▸ **What you need to do**:
Show all lines of the entries in which the word "Home" is found.

Records from a data source:
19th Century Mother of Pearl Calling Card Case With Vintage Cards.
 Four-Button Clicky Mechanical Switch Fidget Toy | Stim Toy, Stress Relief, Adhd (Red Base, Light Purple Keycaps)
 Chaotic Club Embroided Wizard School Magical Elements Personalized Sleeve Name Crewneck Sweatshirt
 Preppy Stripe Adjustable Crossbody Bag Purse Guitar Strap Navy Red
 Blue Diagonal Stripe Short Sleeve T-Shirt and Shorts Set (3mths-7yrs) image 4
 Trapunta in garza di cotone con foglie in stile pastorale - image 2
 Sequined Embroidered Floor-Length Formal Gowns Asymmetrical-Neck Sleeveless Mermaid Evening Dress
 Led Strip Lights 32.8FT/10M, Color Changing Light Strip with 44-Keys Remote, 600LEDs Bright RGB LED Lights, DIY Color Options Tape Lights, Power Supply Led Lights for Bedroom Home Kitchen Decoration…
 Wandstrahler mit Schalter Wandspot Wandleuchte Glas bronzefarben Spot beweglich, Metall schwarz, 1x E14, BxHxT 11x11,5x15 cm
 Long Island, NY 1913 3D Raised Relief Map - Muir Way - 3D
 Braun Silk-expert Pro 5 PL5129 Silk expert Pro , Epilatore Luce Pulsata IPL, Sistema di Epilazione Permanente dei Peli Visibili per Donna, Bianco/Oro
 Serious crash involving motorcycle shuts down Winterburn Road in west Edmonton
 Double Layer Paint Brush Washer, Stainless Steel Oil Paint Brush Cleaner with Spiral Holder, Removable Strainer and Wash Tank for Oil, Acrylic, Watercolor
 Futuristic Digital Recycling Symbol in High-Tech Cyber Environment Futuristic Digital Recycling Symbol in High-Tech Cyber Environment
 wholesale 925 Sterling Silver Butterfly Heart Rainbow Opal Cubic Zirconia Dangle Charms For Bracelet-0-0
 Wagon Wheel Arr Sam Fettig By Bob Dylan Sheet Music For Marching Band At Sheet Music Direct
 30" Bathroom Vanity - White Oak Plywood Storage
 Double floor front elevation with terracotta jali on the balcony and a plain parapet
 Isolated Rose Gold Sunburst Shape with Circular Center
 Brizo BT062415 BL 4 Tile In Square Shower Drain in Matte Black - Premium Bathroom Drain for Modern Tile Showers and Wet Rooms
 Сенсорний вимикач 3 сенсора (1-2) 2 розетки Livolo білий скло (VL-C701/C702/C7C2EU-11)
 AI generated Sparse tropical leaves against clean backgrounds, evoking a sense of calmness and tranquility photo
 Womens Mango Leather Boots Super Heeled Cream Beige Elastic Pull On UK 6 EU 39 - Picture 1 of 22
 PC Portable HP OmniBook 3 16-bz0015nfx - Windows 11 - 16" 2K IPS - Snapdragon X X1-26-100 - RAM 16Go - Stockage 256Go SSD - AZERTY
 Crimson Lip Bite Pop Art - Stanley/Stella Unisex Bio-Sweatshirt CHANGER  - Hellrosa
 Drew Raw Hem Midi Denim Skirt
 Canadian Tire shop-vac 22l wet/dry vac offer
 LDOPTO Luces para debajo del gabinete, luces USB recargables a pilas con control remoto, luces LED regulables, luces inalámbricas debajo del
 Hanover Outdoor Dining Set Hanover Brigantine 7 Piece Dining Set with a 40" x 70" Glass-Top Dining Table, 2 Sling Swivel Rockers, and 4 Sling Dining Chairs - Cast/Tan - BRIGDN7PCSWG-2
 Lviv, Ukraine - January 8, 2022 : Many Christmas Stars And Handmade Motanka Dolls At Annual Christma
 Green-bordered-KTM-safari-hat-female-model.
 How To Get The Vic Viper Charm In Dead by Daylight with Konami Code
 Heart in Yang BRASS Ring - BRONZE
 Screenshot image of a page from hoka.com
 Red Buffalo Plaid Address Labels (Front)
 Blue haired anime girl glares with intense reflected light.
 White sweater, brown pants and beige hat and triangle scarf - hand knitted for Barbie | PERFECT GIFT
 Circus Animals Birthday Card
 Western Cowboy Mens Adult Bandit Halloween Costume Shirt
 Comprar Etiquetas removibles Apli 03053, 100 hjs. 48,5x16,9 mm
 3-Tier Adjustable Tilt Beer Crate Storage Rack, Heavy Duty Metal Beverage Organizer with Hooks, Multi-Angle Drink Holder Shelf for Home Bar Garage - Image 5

▸ **Answer below**:
 Led Strip Lights 32.8FT/10M, Color Changing Light Strip with 44-Keys Remote, 600LEDs Bright RGB LED Lights, DIY Color Options Tape Lights, Power Supply Led Lights for Bedroom Home Kitchen Decoration…
 3-Tier Adjustable Tilt Beer Crate Storage Rack, Heavy Duty Metal Beverage Organizer with Hooks, Multi-Angle Drink Holder Shelf for Home Bar Garage - Image 5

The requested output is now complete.